The untranslatable is the world party pooper. It is the resistance of language to univocal meaning, the countless historical, political and cultural associations of words that trouble any easy traffic between languages. Apter, drawing on Barbara Cassin’s Dictionary of Untranslatables: A Philosophical Lexicon , gives examples of words that are resistant to simple rendering. There is the Portuguese saudade , which means variously nostalgia, longing, yearning, torpor, moral ambiguity, loneliness. The Russian word pravda , which is conventionally translated in English as “truth”, exists in a complex echo chamber of reference. Depending on the context, the word can allude to “democratic cosmopolitics, the topology of exile, solidarity with persecuted minorities and refugees, Russian Saint-Simonianism and Russophilic worldviews”.
The untranslatable becomes a way of thinking about the specificity of languages and cultures, the singularity of written expression in particular places at particular times. One of the paradoxes of untranslatability, of course, is that you have to try harder to understand what the other is saying, devote more resources to the effort and value successful translation all the more, precisely because it is so difficult.
Apter’s philology leads directly to the politics of untranslatability of her subtitle. She coins the term “oneworldedness” to refer to “planetary paranoia marked by cyber-surveillance, cartographies of cartels, and webs of international relationality within and outside of the nation and on the edges of legality”. This is the dark side of planetary utopianism, where everything is connected by a conspiracy of intent. You join up the dots and terrorist attacks on the World Trade Center become linked to weapons of mass destruction in Iraq, and readers in public libraries requesting titles on Islam become potential jihadists. If paranoia has always been a first cousin of theory, both involving relentlessly tracking patterns, then oneworldednes involves a theory of translatability, namely that historical, political and cultural differences can all be effortlessly translated into the common language of the plot against the US. Championing the untranslatable, then, becomes a way of homing in on differences.

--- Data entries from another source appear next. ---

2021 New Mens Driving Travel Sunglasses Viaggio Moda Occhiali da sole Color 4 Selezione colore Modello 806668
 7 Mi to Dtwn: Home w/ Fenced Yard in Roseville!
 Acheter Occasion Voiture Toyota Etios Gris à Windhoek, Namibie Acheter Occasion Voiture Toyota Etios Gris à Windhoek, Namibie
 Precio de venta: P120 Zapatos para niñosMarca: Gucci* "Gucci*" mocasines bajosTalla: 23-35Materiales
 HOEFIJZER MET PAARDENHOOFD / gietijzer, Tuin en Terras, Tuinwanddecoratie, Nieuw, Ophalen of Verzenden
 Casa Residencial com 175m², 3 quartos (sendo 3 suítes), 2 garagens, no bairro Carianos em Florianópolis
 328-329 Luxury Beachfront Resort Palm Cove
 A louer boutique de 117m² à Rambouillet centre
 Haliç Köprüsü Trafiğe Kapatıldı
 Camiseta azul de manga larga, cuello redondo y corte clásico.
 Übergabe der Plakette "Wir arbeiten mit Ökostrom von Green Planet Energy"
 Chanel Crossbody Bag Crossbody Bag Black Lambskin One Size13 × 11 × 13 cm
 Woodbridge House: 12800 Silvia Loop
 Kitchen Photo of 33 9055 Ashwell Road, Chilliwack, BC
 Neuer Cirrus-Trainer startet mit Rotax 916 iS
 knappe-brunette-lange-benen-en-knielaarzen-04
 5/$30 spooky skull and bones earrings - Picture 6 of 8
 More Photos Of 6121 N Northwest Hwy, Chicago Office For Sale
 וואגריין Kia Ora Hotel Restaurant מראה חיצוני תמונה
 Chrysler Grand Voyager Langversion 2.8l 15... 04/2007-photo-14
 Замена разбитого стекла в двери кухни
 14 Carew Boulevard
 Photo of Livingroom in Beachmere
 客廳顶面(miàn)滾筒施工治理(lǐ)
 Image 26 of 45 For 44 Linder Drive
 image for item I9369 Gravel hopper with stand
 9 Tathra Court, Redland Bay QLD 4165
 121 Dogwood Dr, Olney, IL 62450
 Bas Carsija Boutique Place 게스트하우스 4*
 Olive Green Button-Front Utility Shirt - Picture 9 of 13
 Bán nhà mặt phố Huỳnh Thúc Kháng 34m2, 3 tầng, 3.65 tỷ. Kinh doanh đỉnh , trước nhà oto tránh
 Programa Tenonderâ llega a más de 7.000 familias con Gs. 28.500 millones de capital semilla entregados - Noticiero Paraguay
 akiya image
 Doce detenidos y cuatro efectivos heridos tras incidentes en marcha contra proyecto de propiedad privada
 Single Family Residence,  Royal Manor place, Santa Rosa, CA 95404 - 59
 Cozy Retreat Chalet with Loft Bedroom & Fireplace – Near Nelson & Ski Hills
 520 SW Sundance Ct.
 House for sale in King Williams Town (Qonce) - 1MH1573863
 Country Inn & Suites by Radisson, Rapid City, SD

Against World Literature is less a tightly focused monograph dealing with a single idea than a collection of essays and reviews. Apter engages with critics such as Jacques Derrida, Eric Auerbach and Edward Said and the Moroccan poet Abdelfattah Kilito to see how “justice as translation” might work. In speculating on how seeming irreducible differences (Israel/ Palestine is mentioned a lot) might be brought to the negotiating table of language, Apter explores what the difficulty of translation might tell us about the limits and possibilities of world understanding.
Though the reader risks being interred under the falling debris of the author’s omnivorous erudition, Against World Literature is a timely and persuasive polemic. Thinking about what it means to be at the ends of the earth must lead to thinking about the ends of the earth’s inhabitants.